McKinsey & Co is advising the government, which expects final results in one month.

Mongolia, a landlocked country sandwiched between China and Russia, is betting on overseas capital markets as its primary source of fund-raising over its less liquid domestic market.

The government is striving to boost living standards in the nation of about 2.7 million people, where average per capita income is about $US2000 ($2315) a year.

Erdenet, established by the governments of Mongolia and the former Soviet Union, started operations in 1978. The company produces more than 530,000 tonnes of copper concentrate and 3000 tonnes of molybdenum concentrates a year.

Tavan Tolgoi holds about 6 billion tonnes of coal in the deserts of southern Mongolia, making it one of the world's largest unexploited reserves.
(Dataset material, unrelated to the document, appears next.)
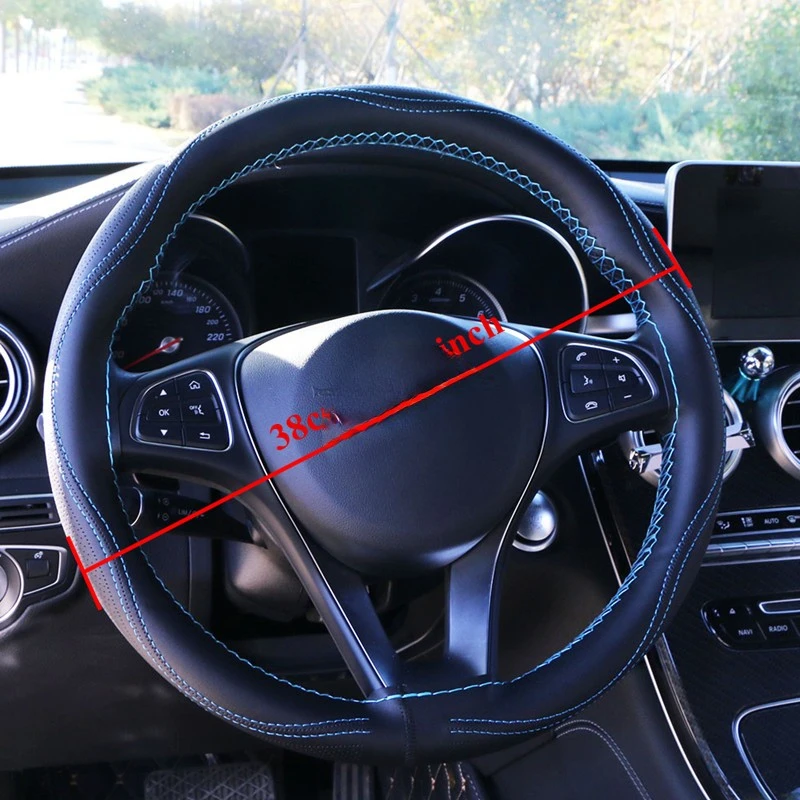 Steering Wheel Cover DIY Car Steering Wheel Covers 38cm Breathable Fiber Leather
While it is fully owned by the government, Mongolia plans to control part of the deposit through a state-run enterprise, with a second tranche to be operated by a group of foreign and domestic companies.

Rio Tinto and Ivanhoe Mines are developing Oyu Tolgoi, which Rio has called the world's largest copper resource.

It may operate for as long as 30 years and generate between $US30 billion and $US50 billion in revenue, the Mongolian President, Tsakhia Elbegdorj, said in September.

Ivanhoe holds 66 per cent of Oyu Tolgoi and Mongolia the rest. Rio owns 22.4 per cent of Ivanhoe and has an option to increase its stake to 44 per cent. Production is scheduled to begin in 2013.

Selling part of its holdings in these assets will require the agreement of Mongolia's joint venture partners.

The average daily turnover of the Mongolian stock exchange is about $US100,000. That compares with $HK64 billion ($9.5 billion) in Hong Kong.

Funds raised in Hong Kong through initial public offerings surged 276 per cent to $HK248 billion in 2009 from a year earlier. The bourse has been targeting listings from emerging markets, particularly companies in the energy, metals and mining industries.